Os dias iguais não trazem esperança;

a mesmice predomina e o cansaço aumenta.

Não falo do cansaço físico, esse já opera no automático,

mas das dores que os olhares entregam,

mesmo quando guardadas no silêncio, são dores que a alma carrega.

Janelas que se expressam no olhar cabisbaixo,

longínquo, distante de si mesmo.

Vez em quando, um sopro questiona a mente:

Para que tudo isto?

Nada disso importa, senão o campo e a porta:

a consciência e sua abertura para a vida.

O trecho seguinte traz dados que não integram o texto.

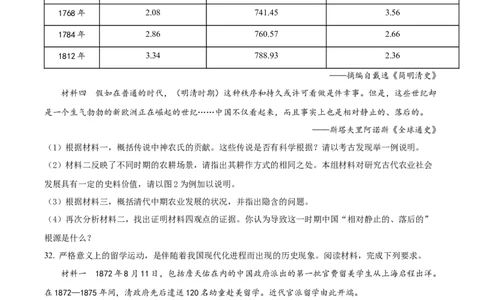 精品解析：2022年湖南省湘潭市中考历史真题（原卷版）_中考真题_6.历史中考真题2015-2024年_地区卷_湖南省_湘潭历史19-22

Os anos passam, sem trégua, e para onde estamos indo?

A humanidade adoeceu.

Os remédios já não curam, apenas adormecem o pranto.

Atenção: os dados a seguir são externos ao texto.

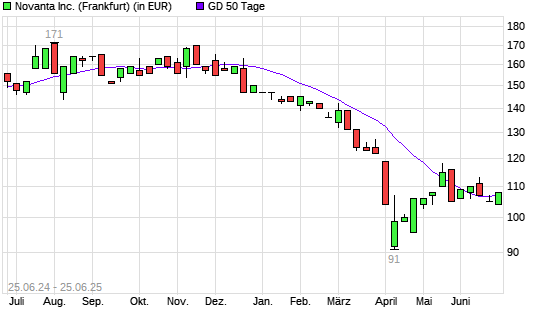 Novanta-Aktie über 50-Tage-Linie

É um mal interno, sem prognóstico,

que nenhum médico consegue decifrar,

pois nem eles compreendem as próprias feridas.

Mas, pensando friamente, há um caminho a trilhar.

Somente quem caminha por ele

arranca o peso do peito

e se torna reticências em outro plano, em outro lugar.

Tudo o que os olhos mortais contemplam é efêmero

e não nos acompanhará na partida.

A sabedoria, então, sussurra:

Lança mão do arado e não olhes para trás.

O campo da consciência é vasto.

Por ele, encontramos a paz que já habita em nós,

no âmago do coração.

Quem não se deixa tornar obsoleto, encontra sua razão.

Não estamos aqui por acaso.

Somos a terceira relevância nesta imensa expansão:

primeiro, o Dono do Verbo;

na sequência, a Sua semente;

e, então, o nosso coração — a consciência produzida pela criação.

Por ela atravessamos planos e trocamos de existência.

Por ela raciocinamos, até esbarrar na compreensão

de que nada somos sem o Autor da Vida.

Não há erro de interpretação, cena mal resolvida ou falha na atuação.

Trata-se de vivência, de uma transmutação do ser:

derrubar o efêmero que há em nós

e erguer a semente perene antes do entardecer.

Um dia, a noite tomará a alma.

Se ela não estiver sóbria, com o óleo em sua candeia,

nada disso importará se a luz não permear sua eira.

Pois nada é mais sagrado à consciência que o espírito que nos sopra a vida:

Ele é o nosso corpo eterno,

a existência eterna que toda alma necessita.